─── Data to process

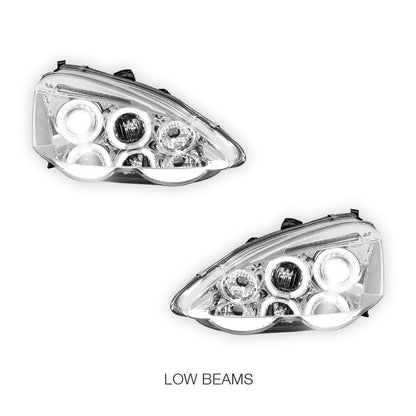 Honda Integra DC5 (2001 - 2004) LED Angel-Eye Projector Headlights LH + RH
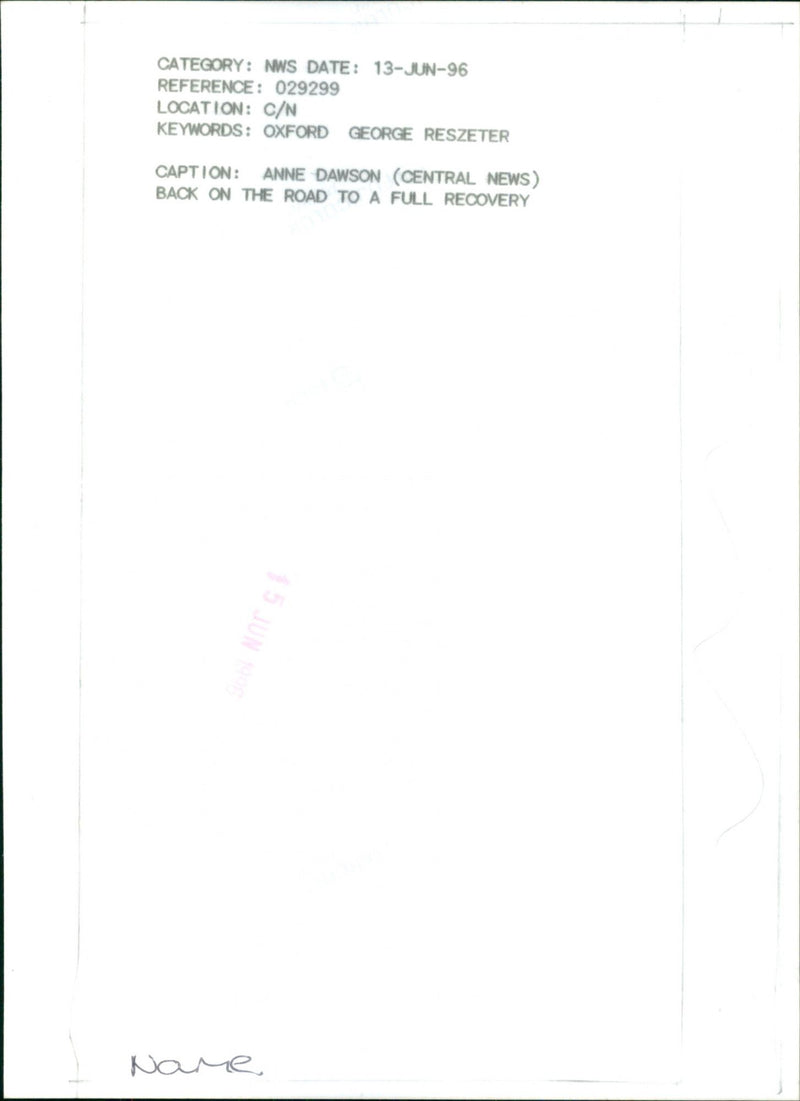 Anne Dawson - Vintage Photograph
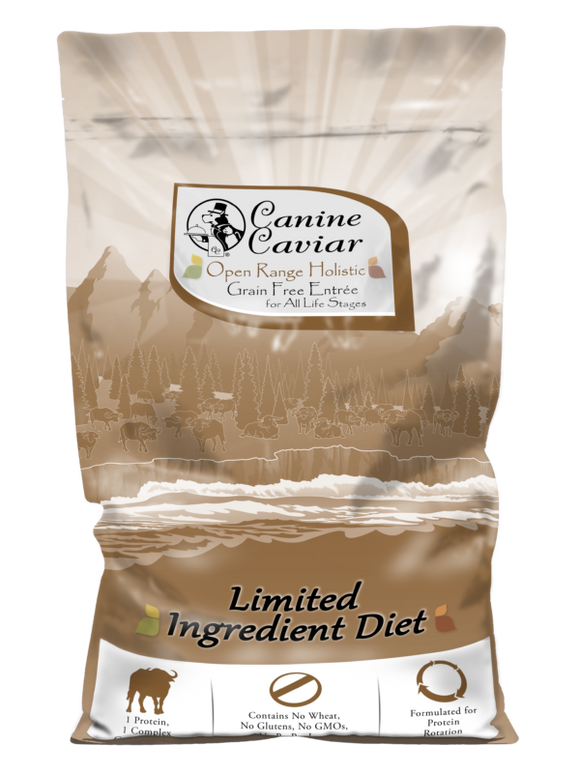 Canine Caviar Open Range Grain Free Limited Ingredient Alkaline Holistic Dog Food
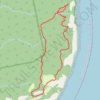 Jodrey Trail trail, distance, elevation, map, profile, GPS track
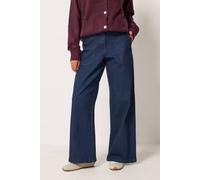 M&Co Women's Petite Wide Leg Carpenter Jeans in Dark Indigo | Size: 8 M&Co Dark Indigo 8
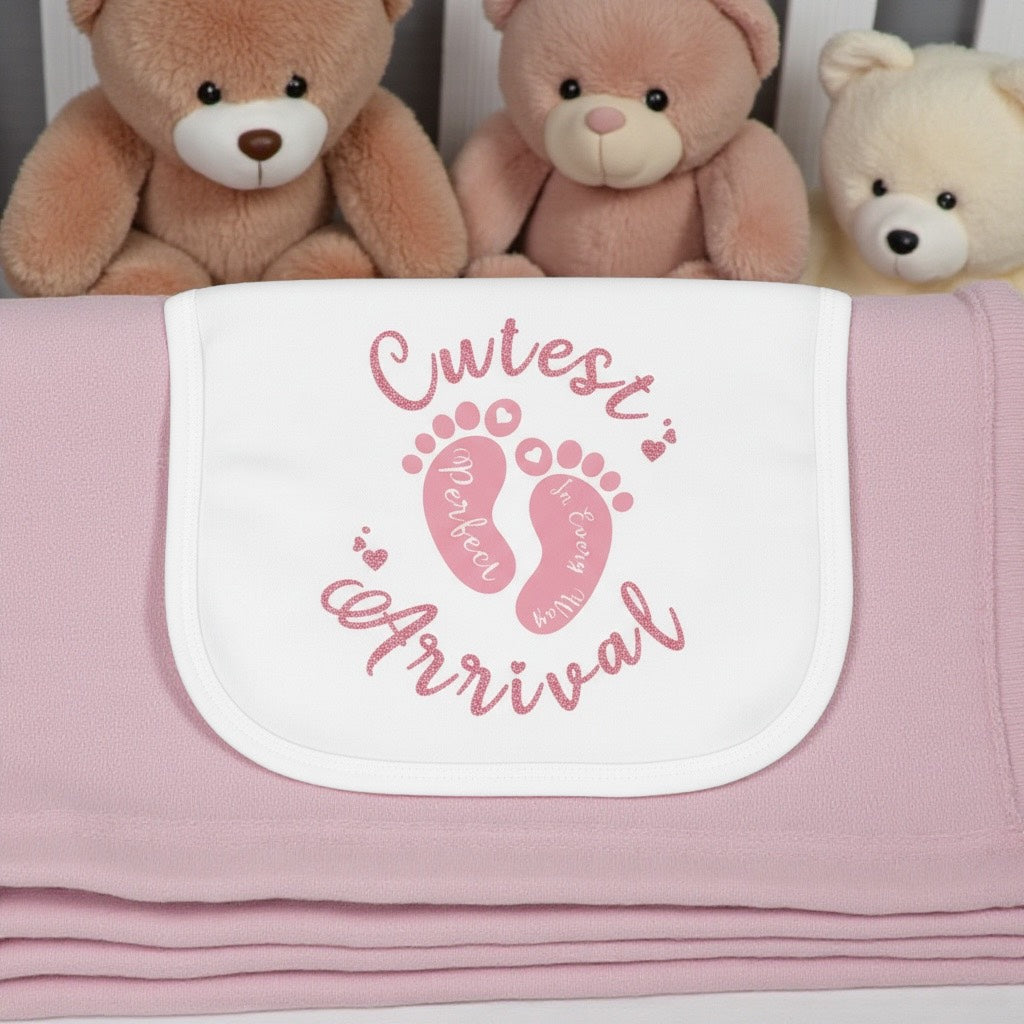 White Baby for your Baby Girl's arrival can be personalised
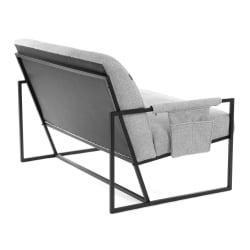 Диван прямой Charli LUX/Чарли Люкс велюр/букле, VT shape silver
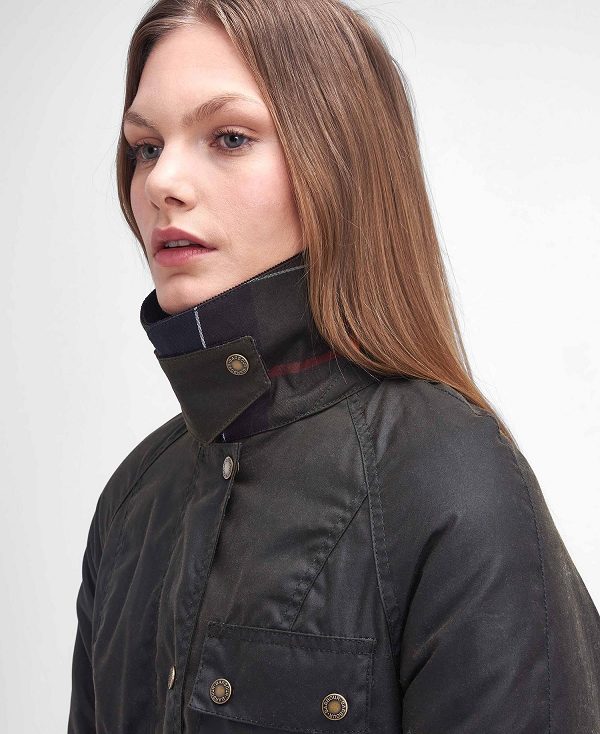 Barbour Solway Waxed Jacket Mørkeblå | BABO89240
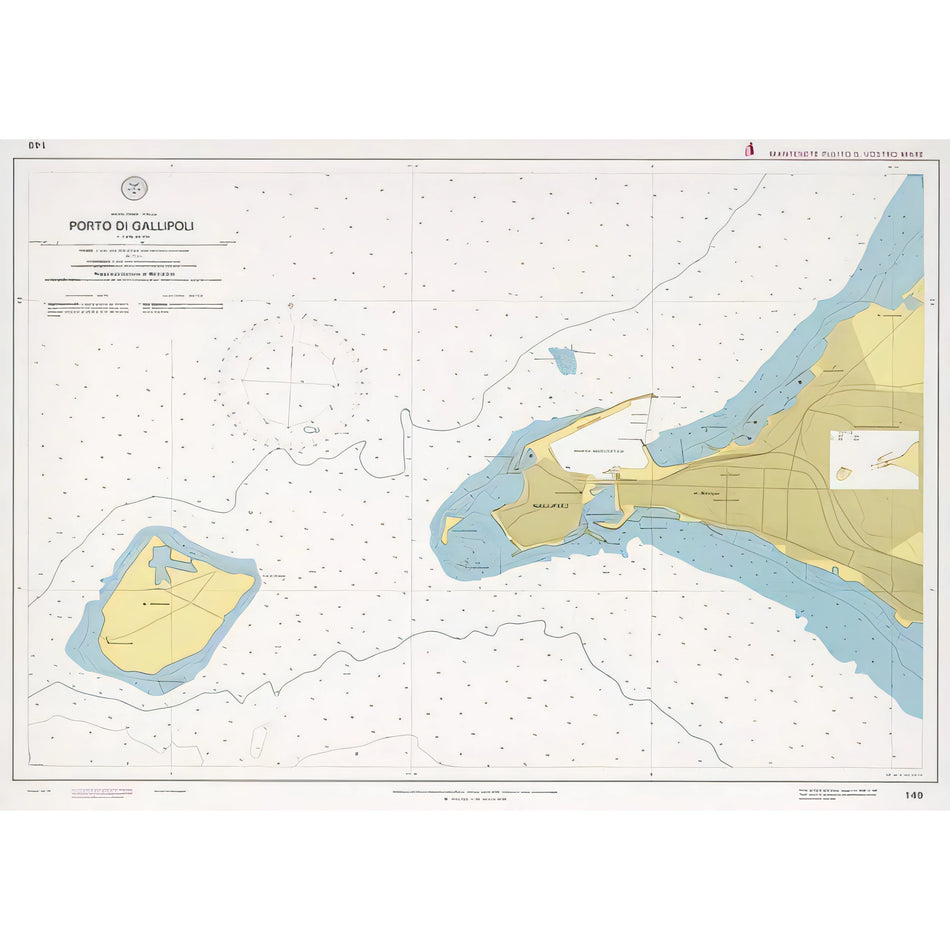 Carta nautica IIM 149 Porto di Gallipoli – Istituto Idrografico della Marina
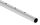 Edelstahlrohr, gerade gelocht, 42,4x2,0mm, Korn 240 geschliffen, V2A, L: 3000mm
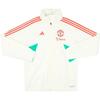Adidas Manchester United 2023-24 Player Edition Breathable Comfortable Retro Sports Jacket Unisex Jackets Off-White IA7267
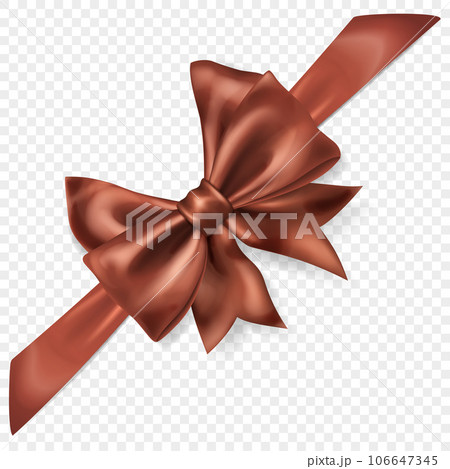 Beautiful bow with diagonally ribbon Beautiful bow with diagonally ribbon 106647345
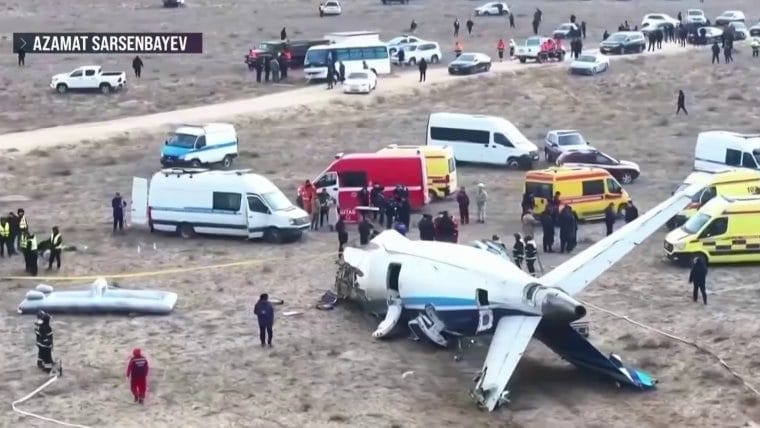 Dozens lifeless after Russia-bound airplane crashes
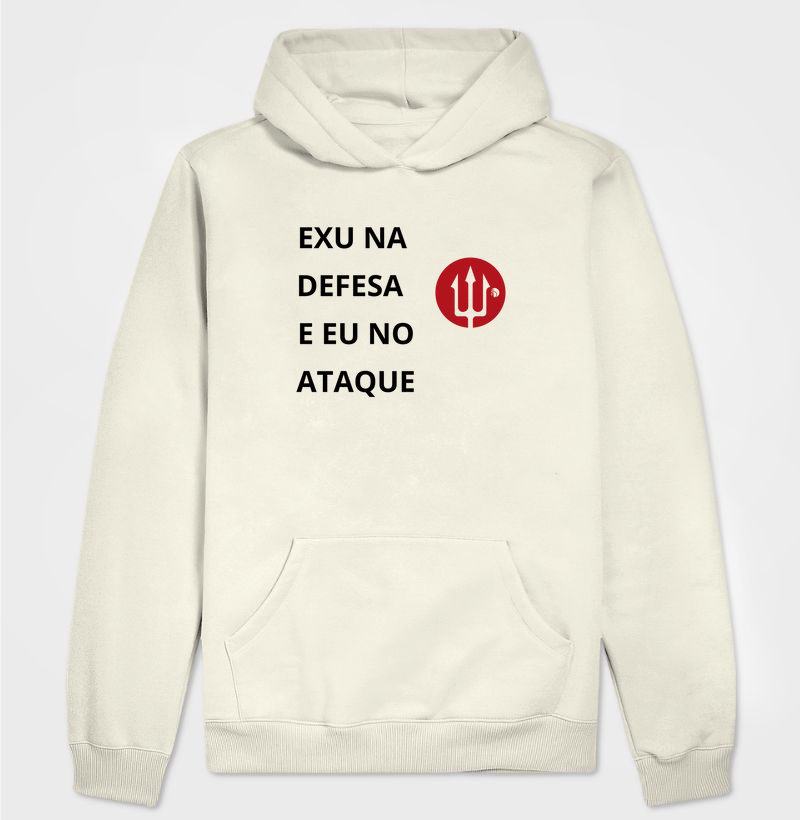 Exu na defesa e eu no ataque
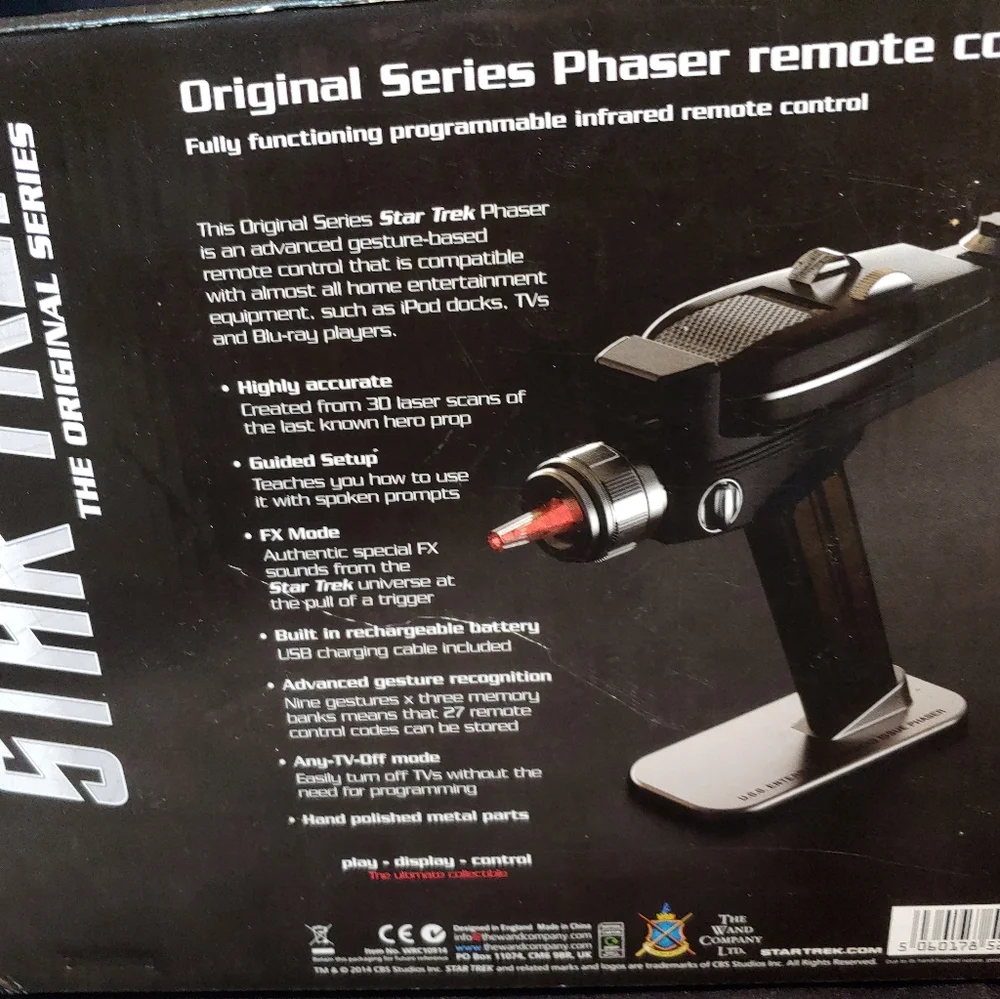 COPY - PHASER ORIGINAL SERIES THE WAND COMPANY REMOTE CONTROL - Picture 5 of 17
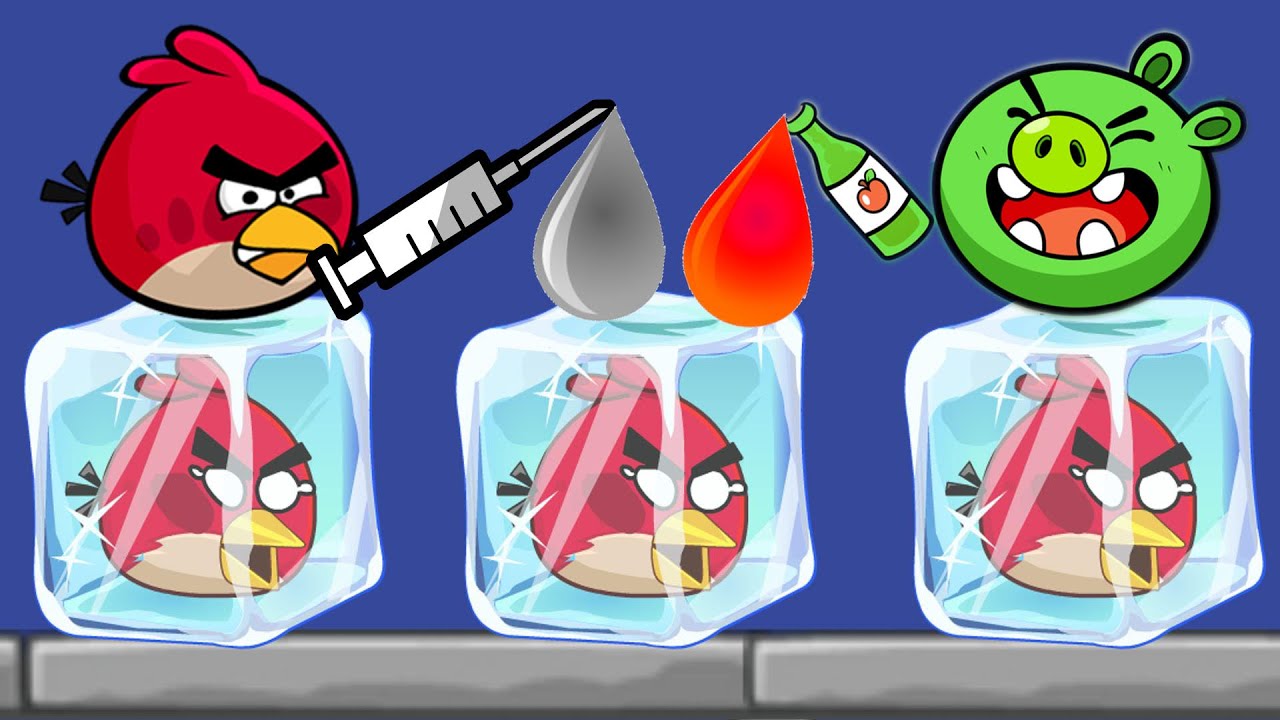 Unfreeze Angry Birds - TRY TO STOP THE PIGGIES FROM DROPPING TOXIC WATER ON BIRD! RESCUE FROZEN BIRD
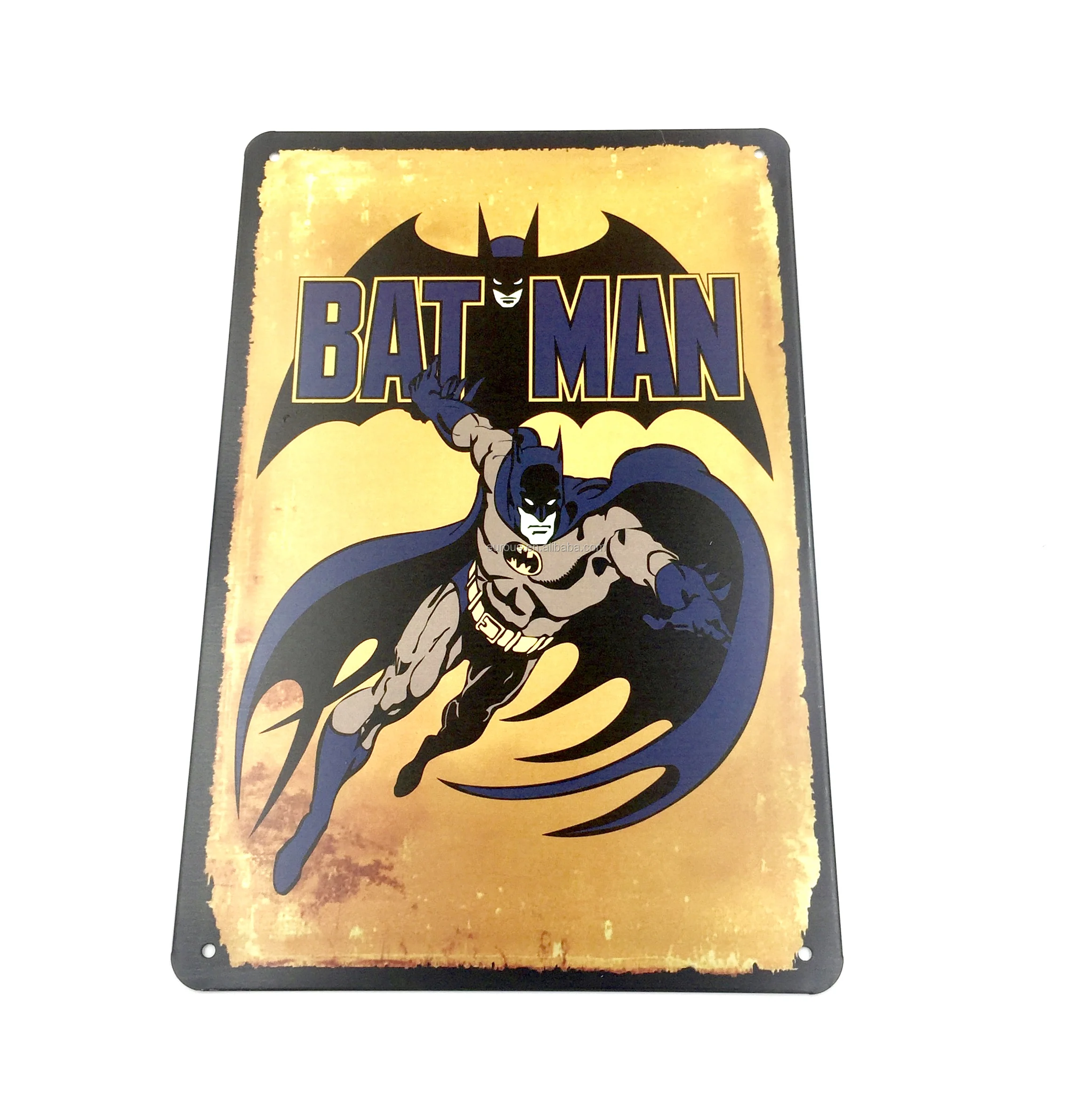 Wholesale Embossed Vintage  Metal Tin Advertising Signs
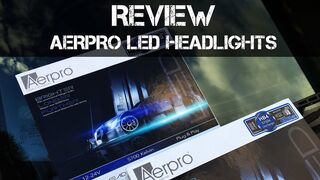 AERPRO LED Headlight Conversion Kit - Installation & Review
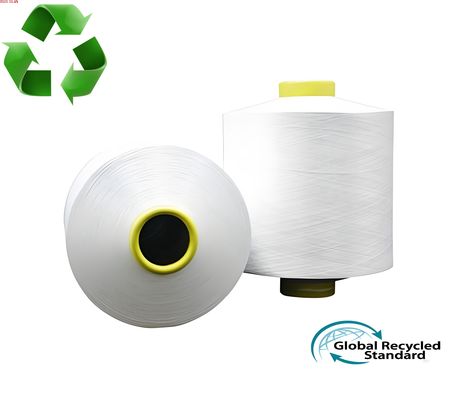 Filato di poliestere GRS Bianco Brillante Eco-Friendly 150D/72F Full Dull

──────

● **Assignment**
Wherever an image appears, omit it; copy the rest of the records exactly.

● **Result for this exercise**
 Honda Integra DC5 (2001 - 2004) LED Angel-Eye Projector Headlights LH + RH
 Anne Dawson - Vintage Photograph
 Canine Caviar Open Range Grain Free Limited Ingredient Alkaline Holistic Dog Food
 Jodrey Trail trail, distance, elevation, map, profile, GPS track
 M&Co Women's Petite Wide Leg Carpenter Jeans in Dark Indigo | Size: 8 M&Co Dark Indigo 8
 White Baby for your Baby Girl's arrival can be personalised
 Диван прямой Charli LUX/Чарли Люкс велюр/букле, VT shape silver
 Barbour Solway Waxed Jacket Mørkeblå | BABO89240
 Carta nautica IIM 149 Porto di Gallipoli – Istituto Idrografico della Marina
 Edelstahlrohr, gerade gelocht, 42,4x2,0mm, Korn 240 geschliffen, V2A, L: 3000mm
Adidas Manchester United 2023-24 Player Edition Breathable Comfortable Retro Sports Jacket Unisex Jackets Off-White IA7267
 Beautiful bow with diagonally ribbon Beautiful bow with diagonally ribbon 106647345
 Dozens lifeless after Russia-bound airplane crashes
 Exu na defesa e eu no ataque
 COPY - PHASER ORIGINAL SERIES THE WAND COMPANY REMOTE CONTROL - Picture 5 of 17
 Unfreeze Angry Birds - TRY TO STOP THE PIGGIES FROM DROPPING TOXIC WATER ON BIRD! RESCUE FROZEN BIRD
 Wholesale Embossed Vintage  Metal Tin Advertising Signs
 AERPRO LED Headlight Conversion Kit - Installation & Review
 Filato di poliestere GRS Bianco Brillante Eco-Friendly 150D/72F Full Dull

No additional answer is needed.